Too many strings hold the Pinocchio remake down

Some people say that the world is getting worse. They’re probably right. After all, we now live in a world where we have to deal with global warming, Tiktok dances and Disney’s live-action remakes of classic animated films. Especially that last one. Disney has been credited as a pioneer in 2D animation, and is the studio behind many of the most beloved animated movies of all time. Unfortunately, another aspect of Disney is their immense desire for money. Naturally, it wasn’t long before Disney realized that remaking these classic stories in live-action would be an instant recipe for success. Of course, this wouldn’t be too much of a problem if those remakes were good, right?

Well, they weren’t.

And, it seems that Disney doesn’t know when to stop, because a remake of Pinocchio dropped on Disney Plus on September 8. This time, the movie appeared to actually interest a surprising amount of people. Some even had high expectations. Unfortunately, that made the film all the more disappointing.

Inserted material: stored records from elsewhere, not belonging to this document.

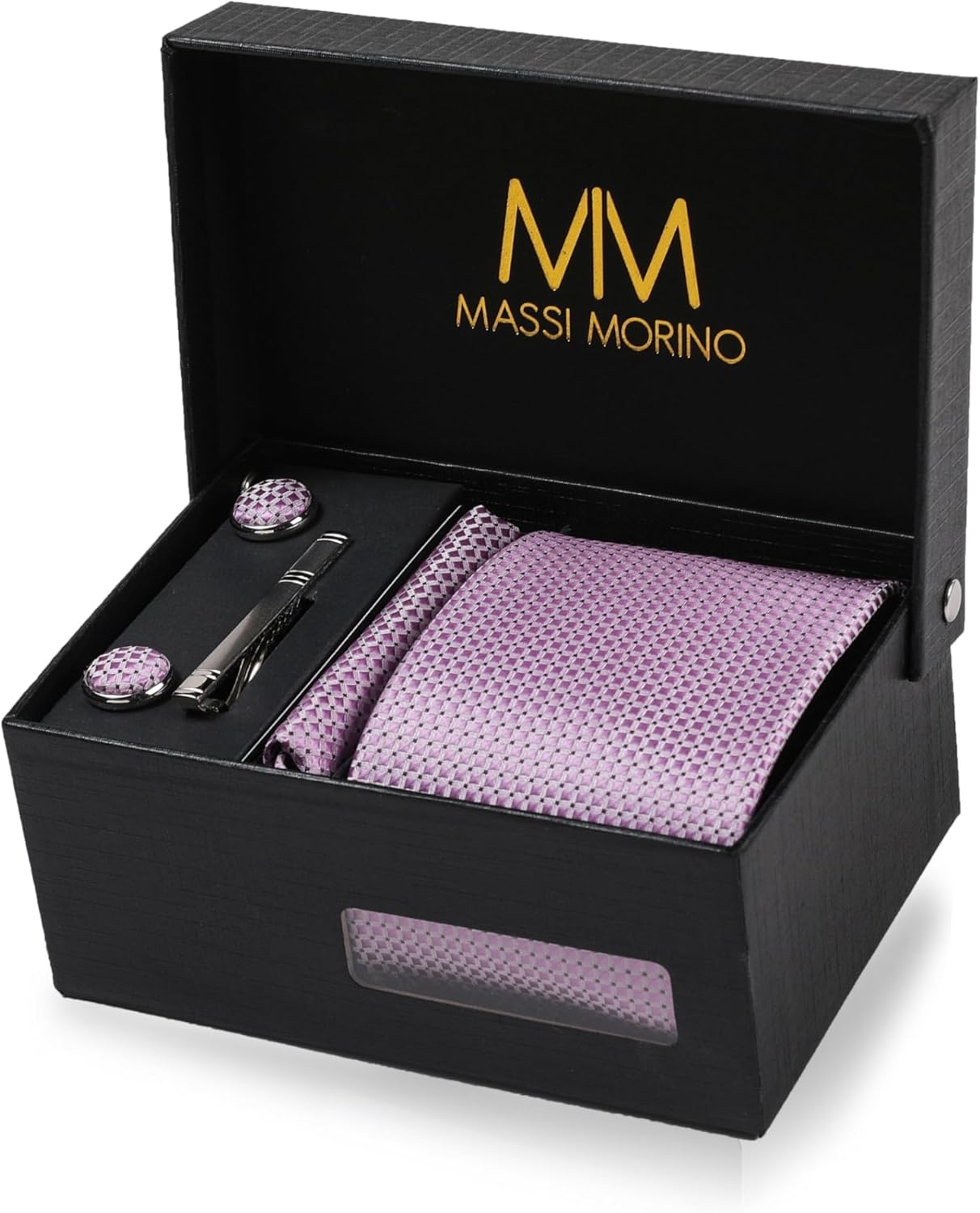 Massi Morino set cravatta e fazzoletto da uomo con gemelli e fermacravatta (parure regalo)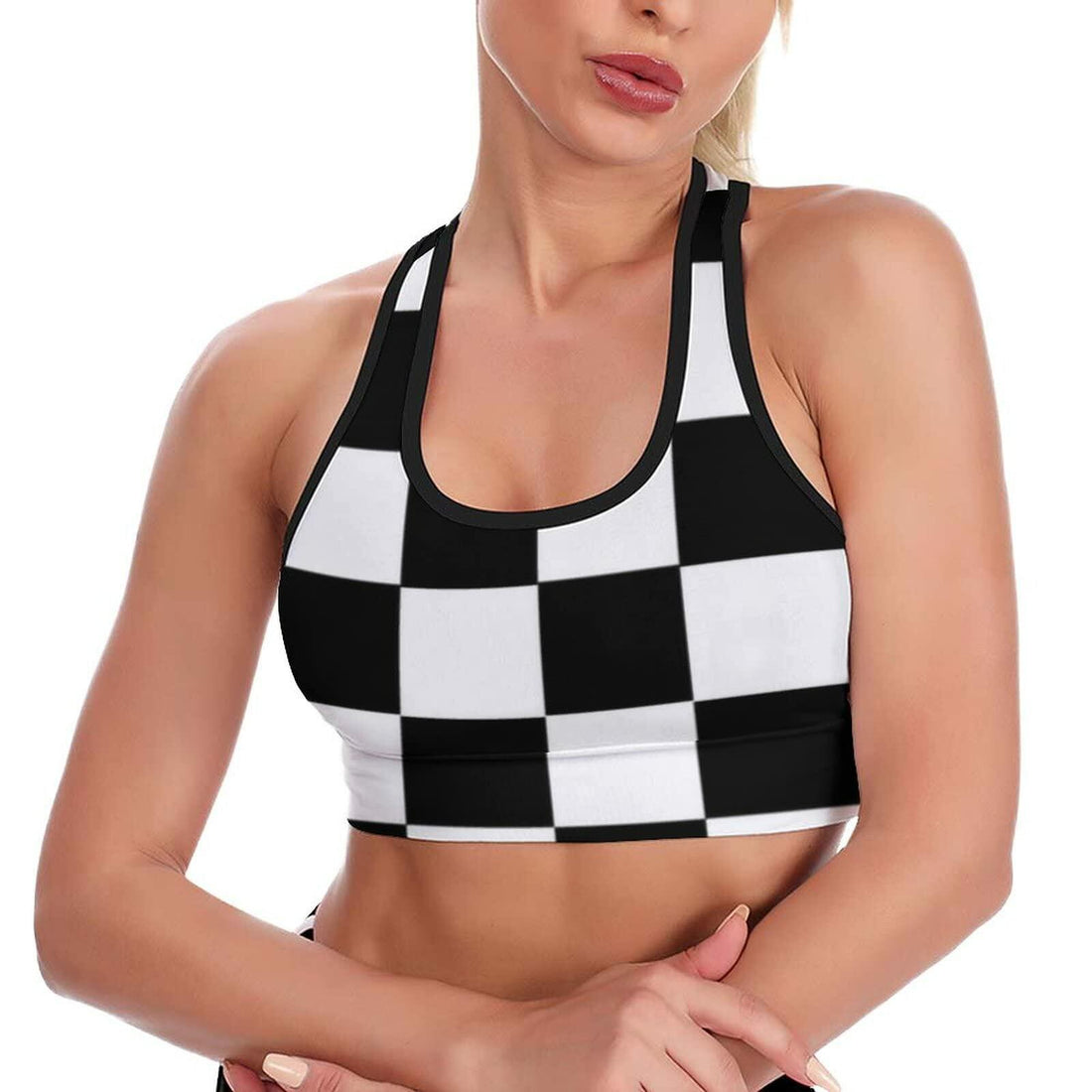 Women's Checkered Flag Racerback Sports Yoga Bra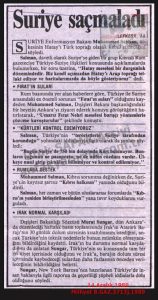 “Suriye Saçmaladı”-14 Aralık 1989-Milliyet/“Syria Spoke Nonsense” – 14 December 1989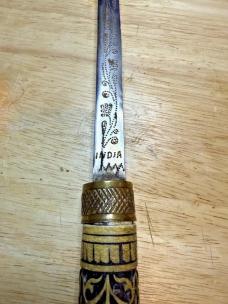 Victorian Cane Sword Antique Walking Stick Sword INDIA Marked Blade Horn Handle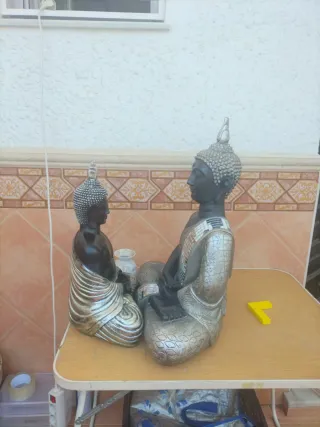 Escultura Buda Negro y Plata
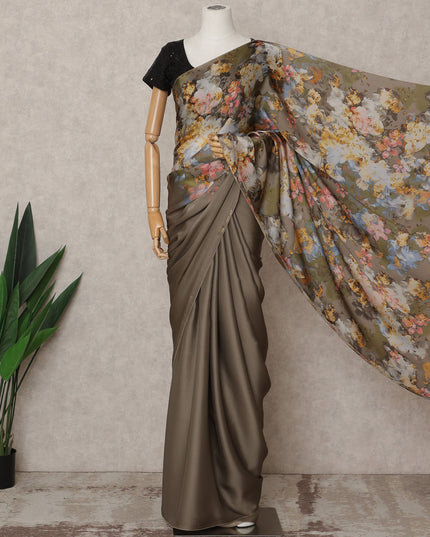 Olive Brown Premium Pure Silk Chiffon Printed Saree, 5.5 Mtrs Length, 110 Cms Width, Made in India-D24241
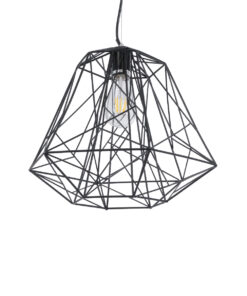 GloboStar® GLOBOSTAR® GRID 01022 Vintage Κρεμαστό Φωτιστικό Οροφής με Ντουί 1 x E27 AC 220-240V IP20 - Μαύρο - Μ40 x Π40 x Υ33cm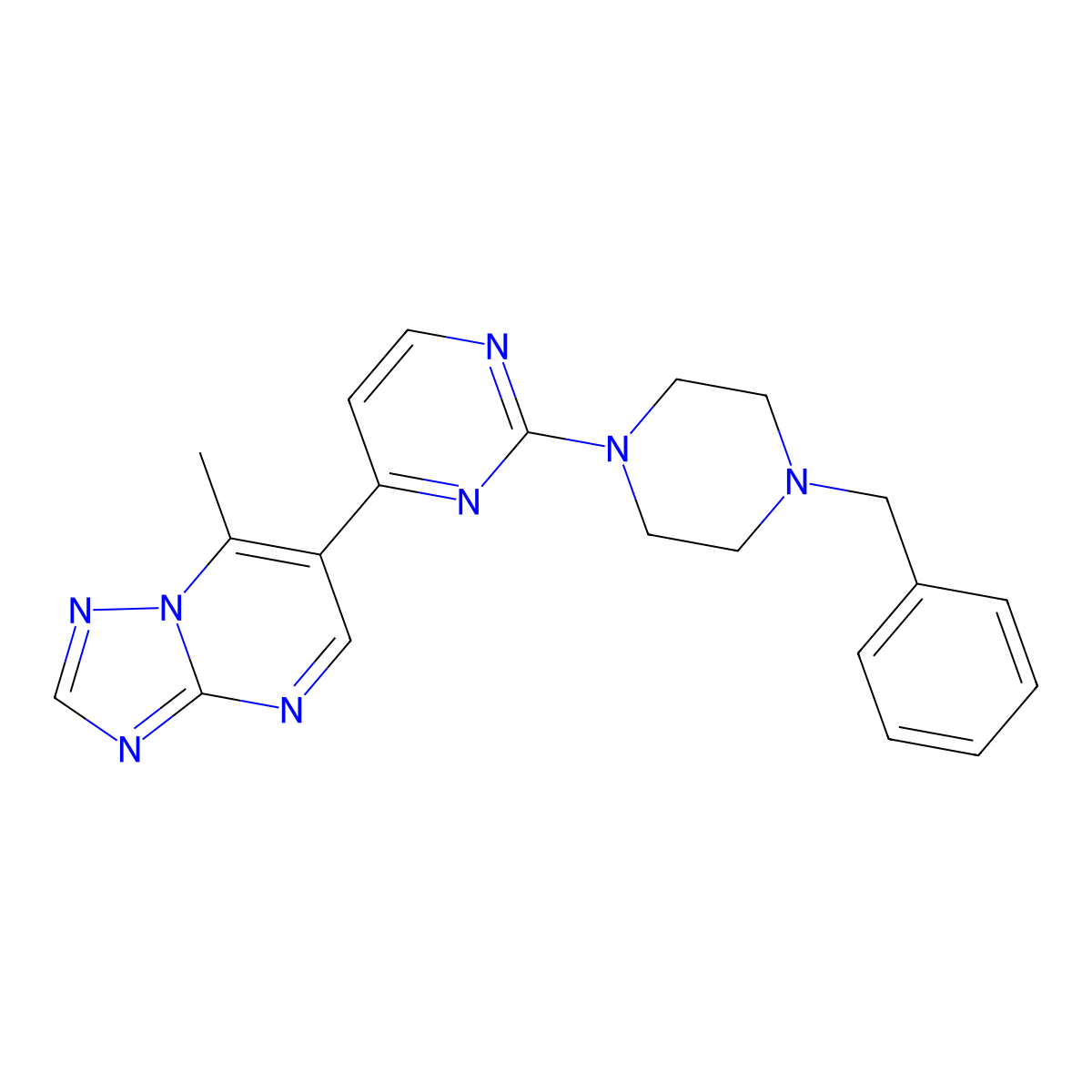 6-[2-(4-Benzylpiperazin-1-yl)pyrimidin-4-yl]-7-methyl[1,2,4]triazolo[1,5-a]pyrimidine molecular structure, CAS 1269371-11-0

From a story perspective, Pinocchio (2022) is a strange mashup of faithful and unfaithful. On one hand, most story elements remain very similar to the original iteration. On the other hand, several scenes from the original have been completely erased and a few key story beats have been changed, such as the addition of Geppetto’s new deceased son. Normally, I think a solid blend of faithfulness and innovation are a good foundation for a remake, but the new content has to feel like it fits with the original material and the old content still has to work in the context of the remake. In Pinocchio (2022), most of the new additions feel soulless and many of the classic elements are either cut down or simply don’t translate well into the medium of live-action film.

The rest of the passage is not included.